Our client, age 33, was arrested as she exited a Los Alamitos Wendy’s restaurant drive-through at about 1:30 on a Saturday afternoon. She had spent the prior night drinking heavily and then the morning doing likewise at a local bar once it opened. She then left the bar with her husband and bought a 12-pack at a local supermarket before proceeding to the Wendy’s at issue. The Wendy’s was in the same shopping center as the supermarket.
When officers pulled her over, she was allegedly swerving within her lane, although the 911 call was by a supermarket employee who thought our client was too drunk to drive. The supermarket employee believed our client was intoxicated by how she acted in the supermarket, so he followed our client to her car and took down her license plate number and called police.
In other words, the traffic stop was not based upon an 911 caller’s observations of driving at all.
Why This Summary Matters: Sometimes, being assertive early can help sway an already skeptical prosecutor into not filing a case, as this case summary demonstrates. We therefore try to be aggressive early in the weak cases, rather than silent and trusting that the DA will do the right thing.
At the scene and after submitting to several field sobriety tests, our client gave a breath sample into a portable alcohol screening device, which measured her blood alcohol level at 0.27%. According to her husband, who was riding in the car with our client and observed the field sobriety tests, officers were verbally abusive and intimidating to his wife.
Our client was charged in Orange County Superior Court with one count of driving under the influence of alcohol (Vehicle Code Section 23152(a)), a misdemeanor and one count of driving while having a 0.08% or higher blood alcohol level (Vehicle Code Section 23152(b)), also a misdemeanor.
Greg Hill of Greg Hill & Associates immediately wrote the Westminster District Attorney and demanded a copy of the police report, as well as any supplemental reports, videos, audio recordings, photographs and criminal histories of any witnesses the prosecution intended to call as part of their case in chief.
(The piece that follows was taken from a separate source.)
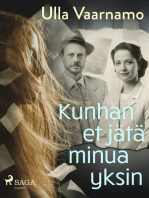 Kunhan et jätä minua yksin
When the District Attorney seemed to sleep on the letter, Greg Hill called and wrote the District Attorney to follow up. The District Attorney seemed to be hiding something, as he did not want to discuss the case at all when pressed.
He also explained how the 911 call was an invalid basis for the officer making a traffic stop because under People v. Wells (2006) 38 Cal. 4th 1078, the caller must witness a violation of the law. Here, the 911 caller only witnessed our client buying beer at a supermarket, which is not a violation of the law at all.
When Greg Hill appeared for the arraignment, he was advised that the District Attorney had decided not to file the case.
While we do not know to this day why exactly the District Attorney decided against filing, our client’s husband believes it was police misconduct that swayed the D.A. Our office’s aggressive efforts to obtain exculpatory materials must have spooked the D.A. into deciding to let this case pass.